Phillip Morgan
TETA Board of Directors
President-Elect
Please allow me to welcome everyone back to a great year of educational theatre on all fronts, K-12 and at the college/university campuses! It is my hope that you are geared up, engaging students and truly working to plan and execute a marvelous year of shows and projects for all of our Texas educational thespians.
In some of our district meetings, one of the most critical areas that we have been focusing on is our English / Language Arts / Literature student group. One of the most dramatic (forgive the pun) and interesting pieces of data that we are observing is the correlation between those who are succeeding in middle school and high school English / Literature courses who participate in theatre arts and those who do not. Having just added theatre arts as a middle school elective program, I am very interested to see how this data will process with our 6-8 graders. Although many of us in the educational theatre world are keenly aware of the natural connection between literacy education and theatre arts, many of our English and literature instructors miss out on the phenomenal opportunity to build learning communities alongside us as theatre educators. We bring their selected stories to life on stage. We engage the learner as not only a reader, but as a physical participant and/or audience member in the process of evaluating, researching and examining characters, plots and the dramatic elements that make up quality literature.
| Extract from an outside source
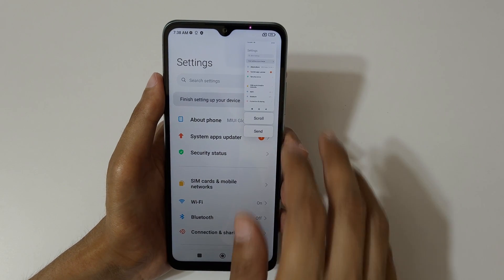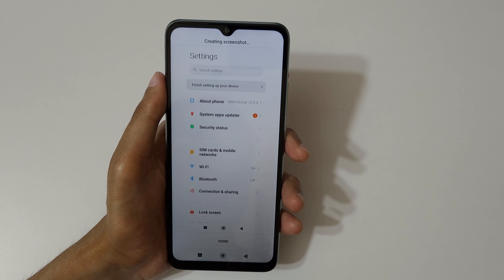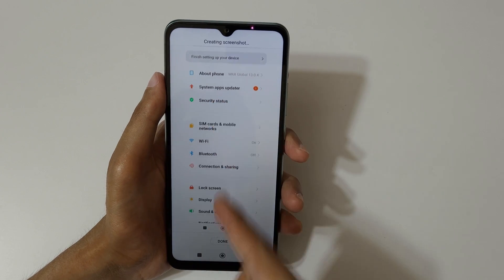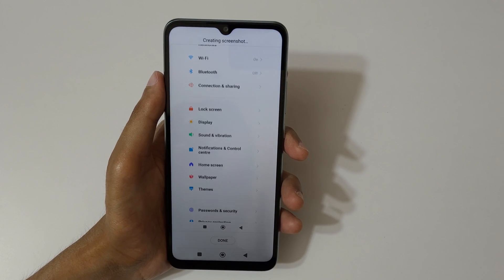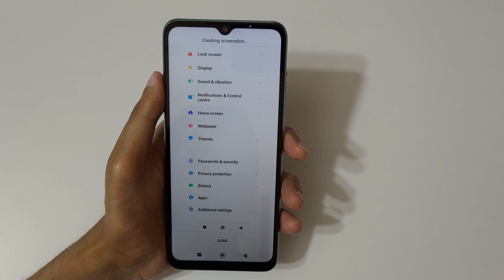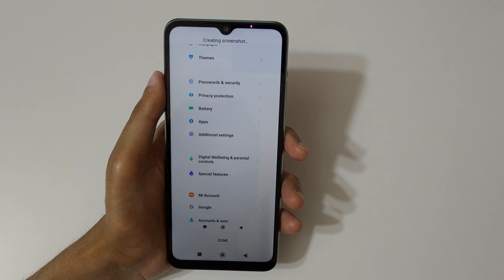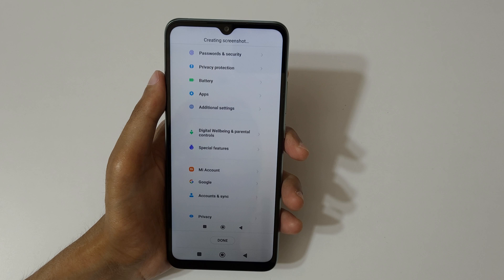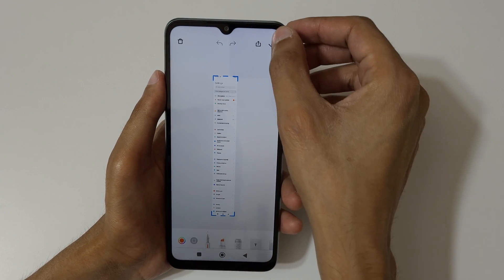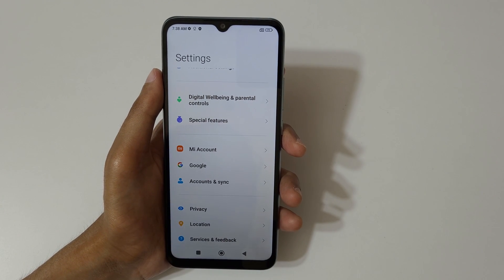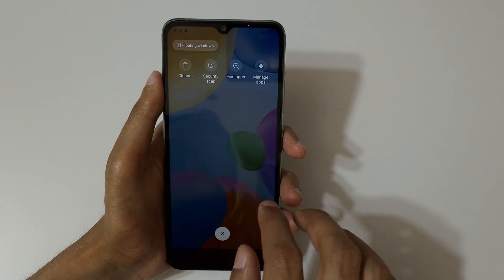Tap here to save the scrollable screenshot. This method is used to save the long screenshot. You can see it processing, then just tap here to save the long screenshot.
I would encourage you (if you are not already doing so) to engage your fellow literature instructors and English department staff to develop some co-curricular activities within your English/Literature and Theatre Arts departments to help increase student participation and understanding in the English base of both courses. Even if this took place in only one literature sample during your year as a collaborative project, imagine the benefits to your English/literature department as your “shared” students were gaining their English foundation alongside the show that you are producing with them. I think that some of our students digest some of the deeper lessons in theatre arts, but sometimes fail to apply the simple connection to the ELA side.
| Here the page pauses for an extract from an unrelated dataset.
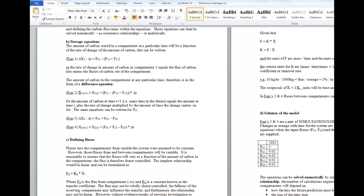For compartment 1, the amount of carbon at time t+1, or sometime in the future, equals the amount of carbon at time t — that's what you started with — plus the flux of carbon in, minus the two fluxes of carbon out, multiplied by the time step. These are carbon flux rates. If you multiply the rate by a time, you end up with an amount. You add that amount to the amount you started with, and that gives you the amount sometime in the future. And the same applies to compartment 2.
Our theatre students learn a great deal regarding the theories behind motivation, action and reaction within characters, as well as the choices that they have to make taking on those characters. Utilizing a learning community alongside and English/literature teacher that focuses on verb use, vocabulary analysis and discussion can not only strengthen your performer’s knowledge and interpretation of the script, but will also help them polish up on those tricky sentence structures and terms when they are reviewing their English projects and creative writing assignments. Many have already incorporated this approach into their peer cooperative style, but if you haven’t, it can open up doors for both departments – and perhaps even intrigue those English students you’ve been encouraging to audition for years!